No entanto, se o TSE mostrou-se extremamente prudente com as urnas eletrônicas, não se pode dizer o mesmo da resposta que a Justiça Eleitoral tem dado às práticas abusivas da campanha de Jair Bolsonaro. Sob pretexto de assegurar condições de igualdade aos candidatos na campanha eleitoral – dever que, de fato, o Congresso lhe atribuiu por meio do Código Eleitoral –, o TSE tem proferido decisões que vêm gerando imensa inquietação em muitos brasileiros. A impressão é a de que, para favorecer um candidato, o tribunal eleitoral estaria até mesmo censurando veículos de comunicação.

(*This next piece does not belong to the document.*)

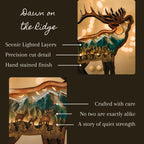 Dawn on the Ridge – Illuminated Layered Elk Artwork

No Estado Democrático de Direito, não cabe ao Judiciário impor qualquer tipo de censura. Há liberdade de expressão e de opinião, e ponto final. Se o respeito a essa garantia constitucional é sempre importante, ele se torna ainda mais fundamental durante uma campanha eleitoral, quando os cidadãos devem dispor de todas as condições para expor, conhecer e debater as diferentes visões sobre os candidatos, os partidos e suas propostas. 

Por isso, seja qual for o fundamento legal a justificar sua atuação, o TSE sempre se equivoca quando suas decisões podem ser entendidas, por observadores isentos e qualificados, como prévia restrição da liberdade de expressão e de opinião. Além disso, ao dar margem a essa compreensão, a Justiça Eleitoral falha em uma de suas principais missões: assegurar a tranquilidade das eleições. Como os eleitores poderão ficar em paz se há a suspeita de censura para favorecer determinado candidato? 

Na recente atuação do TSE, há ainda uma outra agravante, extremamente prejudicial para o equilíbrio entre os candidatos. As decisões do TSE têm sido utilizadas para transformar em vítima a candidatura de Jair Bolsonaro, justamente quem mais difunde desinformação e agride todos aqueles que não se curvam às suas vontades. Numa eleição, não há santos ou ingênuos de nenhum lado, mas uma coisa é certa: Jair Bolsonaro não é a vítima desta campanha – é, antes, seu algoz.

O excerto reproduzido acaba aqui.